Although the data below holds other lines too, output only those from the line with "This Miso Sesame" up to and including the line with "Sculpture, AI Abstract", exactly as they appear.

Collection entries
######

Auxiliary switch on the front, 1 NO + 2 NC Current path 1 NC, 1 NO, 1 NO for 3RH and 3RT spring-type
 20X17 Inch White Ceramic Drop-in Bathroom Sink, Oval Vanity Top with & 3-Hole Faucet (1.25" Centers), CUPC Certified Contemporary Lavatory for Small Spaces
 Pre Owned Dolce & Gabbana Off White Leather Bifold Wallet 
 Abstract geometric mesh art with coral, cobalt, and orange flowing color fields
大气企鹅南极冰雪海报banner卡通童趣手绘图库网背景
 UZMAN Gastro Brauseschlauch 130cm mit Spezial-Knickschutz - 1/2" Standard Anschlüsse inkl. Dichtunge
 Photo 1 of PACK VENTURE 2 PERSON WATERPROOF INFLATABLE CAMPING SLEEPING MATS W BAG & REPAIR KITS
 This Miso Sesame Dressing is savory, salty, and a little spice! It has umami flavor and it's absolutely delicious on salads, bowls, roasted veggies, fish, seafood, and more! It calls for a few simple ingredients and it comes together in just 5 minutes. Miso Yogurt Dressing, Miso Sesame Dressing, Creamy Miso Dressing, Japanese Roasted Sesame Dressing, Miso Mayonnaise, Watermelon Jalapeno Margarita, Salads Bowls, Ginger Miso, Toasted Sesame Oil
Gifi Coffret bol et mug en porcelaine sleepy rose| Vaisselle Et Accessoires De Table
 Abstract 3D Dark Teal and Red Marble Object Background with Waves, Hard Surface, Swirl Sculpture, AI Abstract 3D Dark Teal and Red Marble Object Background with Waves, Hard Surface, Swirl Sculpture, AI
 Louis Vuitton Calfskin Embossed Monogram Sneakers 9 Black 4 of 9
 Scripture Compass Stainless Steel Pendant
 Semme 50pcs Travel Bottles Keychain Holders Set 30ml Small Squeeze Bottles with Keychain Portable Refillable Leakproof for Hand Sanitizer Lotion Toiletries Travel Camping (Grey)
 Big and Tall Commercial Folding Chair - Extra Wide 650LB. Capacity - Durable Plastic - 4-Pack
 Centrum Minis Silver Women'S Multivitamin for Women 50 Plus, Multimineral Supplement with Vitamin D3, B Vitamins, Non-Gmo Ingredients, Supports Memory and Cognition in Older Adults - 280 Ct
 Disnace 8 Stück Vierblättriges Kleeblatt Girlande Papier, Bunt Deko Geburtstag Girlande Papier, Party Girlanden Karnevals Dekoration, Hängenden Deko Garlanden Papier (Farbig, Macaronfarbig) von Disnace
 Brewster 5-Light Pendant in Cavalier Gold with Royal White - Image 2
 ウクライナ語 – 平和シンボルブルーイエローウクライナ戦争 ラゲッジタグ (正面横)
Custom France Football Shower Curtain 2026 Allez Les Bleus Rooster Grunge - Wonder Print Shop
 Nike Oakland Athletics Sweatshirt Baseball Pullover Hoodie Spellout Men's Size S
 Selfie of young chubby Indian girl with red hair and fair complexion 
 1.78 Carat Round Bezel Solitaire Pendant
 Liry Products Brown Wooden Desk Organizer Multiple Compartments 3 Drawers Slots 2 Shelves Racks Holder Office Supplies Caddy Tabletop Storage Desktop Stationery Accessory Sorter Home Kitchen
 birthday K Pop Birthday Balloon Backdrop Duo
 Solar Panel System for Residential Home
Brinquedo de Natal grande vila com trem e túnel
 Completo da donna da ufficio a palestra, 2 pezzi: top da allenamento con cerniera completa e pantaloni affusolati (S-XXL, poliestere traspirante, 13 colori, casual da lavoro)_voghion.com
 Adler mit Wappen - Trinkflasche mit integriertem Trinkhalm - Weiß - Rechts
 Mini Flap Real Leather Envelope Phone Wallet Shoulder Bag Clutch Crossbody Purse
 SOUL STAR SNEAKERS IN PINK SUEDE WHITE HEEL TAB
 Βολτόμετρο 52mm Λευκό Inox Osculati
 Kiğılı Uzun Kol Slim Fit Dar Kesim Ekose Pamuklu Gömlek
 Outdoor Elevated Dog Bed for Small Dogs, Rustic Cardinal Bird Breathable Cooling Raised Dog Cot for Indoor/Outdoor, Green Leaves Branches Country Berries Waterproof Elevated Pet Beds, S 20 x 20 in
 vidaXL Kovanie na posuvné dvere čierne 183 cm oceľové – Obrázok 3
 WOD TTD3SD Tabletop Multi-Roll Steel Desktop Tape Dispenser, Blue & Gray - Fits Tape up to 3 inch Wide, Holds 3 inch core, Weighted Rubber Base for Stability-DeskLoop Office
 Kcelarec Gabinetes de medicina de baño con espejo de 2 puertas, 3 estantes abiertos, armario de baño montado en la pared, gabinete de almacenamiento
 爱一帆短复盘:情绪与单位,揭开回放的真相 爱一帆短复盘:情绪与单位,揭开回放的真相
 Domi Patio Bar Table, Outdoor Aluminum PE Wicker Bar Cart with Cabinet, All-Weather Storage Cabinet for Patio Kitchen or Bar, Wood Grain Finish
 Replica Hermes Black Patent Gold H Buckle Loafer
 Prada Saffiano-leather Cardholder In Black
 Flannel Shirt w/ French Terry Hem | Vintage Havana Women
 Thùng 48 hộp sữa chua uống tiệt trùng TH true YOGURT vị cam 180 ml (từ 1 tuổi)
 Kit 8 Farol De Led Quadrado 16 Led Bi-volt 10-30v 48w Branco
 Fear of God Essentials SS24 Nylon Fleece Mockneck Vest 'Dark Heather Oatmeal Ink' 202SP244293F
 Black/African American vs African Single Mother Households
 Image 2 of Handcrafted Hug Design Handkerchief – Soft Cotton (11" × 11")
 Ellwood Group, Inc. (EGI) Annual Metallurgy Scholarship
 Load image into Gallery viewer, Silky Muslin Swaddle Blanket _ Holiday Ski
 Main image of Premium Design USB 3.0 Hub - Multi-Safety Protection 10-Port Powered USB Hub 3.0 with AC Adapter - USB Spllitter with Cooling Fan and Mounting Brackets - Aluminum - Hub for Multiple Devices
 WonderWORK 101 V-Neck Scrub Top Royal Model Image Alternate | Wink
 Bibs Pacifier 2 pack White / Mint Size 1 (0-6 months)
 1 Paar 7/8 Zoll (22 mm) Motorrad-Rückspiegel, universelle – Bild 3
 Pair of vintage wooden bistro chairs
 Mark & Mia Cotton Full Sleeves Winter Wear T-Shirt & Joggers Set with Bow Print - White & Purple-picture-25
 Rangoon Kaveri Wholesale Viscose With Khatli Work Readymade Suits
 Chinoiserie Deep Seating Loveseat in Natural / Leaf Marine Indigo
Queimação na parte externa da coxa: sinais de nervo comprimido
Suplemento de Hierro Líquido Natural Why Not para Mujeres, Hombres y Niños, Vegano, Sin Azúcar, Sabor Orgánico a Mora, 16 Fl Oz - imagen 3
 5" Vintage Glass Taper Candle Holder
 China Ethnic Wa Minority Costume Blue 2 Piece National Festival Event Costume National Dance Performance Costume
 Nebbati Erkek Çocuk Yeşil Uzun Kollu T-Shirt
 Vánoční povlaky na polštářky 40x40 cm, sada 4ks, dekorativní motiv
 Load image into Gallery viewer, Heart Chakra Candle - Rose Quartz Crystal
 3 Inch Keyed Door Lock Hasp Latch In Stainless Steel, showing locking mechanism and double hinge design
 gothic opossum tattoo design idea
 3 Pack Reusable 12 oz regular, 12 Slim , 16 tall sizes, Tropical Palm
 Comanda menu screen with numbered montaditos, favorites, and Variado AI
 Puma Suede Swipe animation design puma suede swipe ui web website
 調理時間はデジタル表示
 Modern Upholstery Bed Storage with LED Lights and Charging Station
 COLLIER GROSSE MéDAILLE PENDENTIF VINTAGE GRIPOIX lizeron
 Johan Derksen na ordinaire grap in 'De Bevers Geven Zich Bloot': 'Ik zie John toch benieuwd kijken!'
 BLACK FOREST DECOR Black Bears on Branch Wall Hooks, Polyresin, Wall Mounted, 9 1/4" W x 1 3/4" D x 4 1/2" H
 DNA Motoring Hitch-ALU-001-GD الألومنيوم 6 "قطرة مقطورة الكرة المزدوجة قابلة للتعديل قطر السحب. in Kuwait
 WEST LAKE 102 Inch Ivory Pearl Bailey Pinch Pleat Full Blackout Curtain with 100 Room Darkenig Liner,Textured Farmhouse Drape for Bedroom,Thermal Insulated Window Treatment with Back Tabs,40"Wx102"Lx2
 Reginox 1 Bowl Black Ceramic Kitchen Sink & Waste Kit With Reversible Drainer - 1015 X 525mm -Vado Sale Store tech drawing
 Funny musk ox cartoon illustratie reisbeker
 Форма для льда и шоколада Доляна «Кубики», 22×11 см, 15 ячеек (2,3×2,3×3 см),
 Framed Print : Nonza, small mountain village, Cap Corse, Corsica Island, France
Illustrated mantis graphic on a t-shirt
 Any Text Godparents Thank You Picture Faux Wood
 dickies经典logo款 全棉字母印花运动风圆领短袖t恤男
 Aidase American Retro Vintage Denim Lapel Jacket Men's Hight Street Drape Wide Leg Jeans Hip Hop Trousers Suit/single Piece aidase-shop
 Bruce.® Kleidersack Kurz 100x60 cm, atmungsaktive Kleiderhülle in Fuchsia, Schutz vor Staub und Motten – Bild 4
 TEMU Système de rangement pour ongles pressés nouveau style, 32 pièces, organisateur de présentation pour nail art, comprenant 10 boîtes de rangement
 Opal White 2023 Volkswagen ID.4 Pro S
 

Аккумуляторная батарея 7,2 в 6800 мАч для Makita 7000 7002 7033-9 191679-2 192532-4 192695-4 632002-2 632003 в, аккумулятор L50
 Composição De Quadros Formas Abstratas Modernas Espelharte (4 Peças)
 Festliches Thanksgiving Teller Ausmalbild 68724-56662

######

REPLY TO THE TASK
 This Miso Sesame Dressing is savory, salty, and a little spice! It has umami flavor and it's absolutely delicious on salads, bowls, roasted veggies, fish, seafood, and more! It calls for a few simple ingredients and it comes together in just 5 minutes. Miso Yogurt Dressing, Miso Sesame Dressing, Creamy Miso Dressing, Japanese Roasted Sesame Dressing, Miso Mayonnaise, Watermelon Jalapeno Margarita, Salads Bowls, Ginger Miso, Toasted Sesame Oil
Gifi Coffret bol et mug en porcelaine sleepy rose| Vaisselle Et Accessoires De Table
 Abstract 3D Dark Teal and Red Marble Object Background with Waves, Hard Surface, Swirl Sculpture, AI Abstract 3D Dark Teal and Red Marble Object Background with Waves, Hard Surface, Swirl Sculpture, AI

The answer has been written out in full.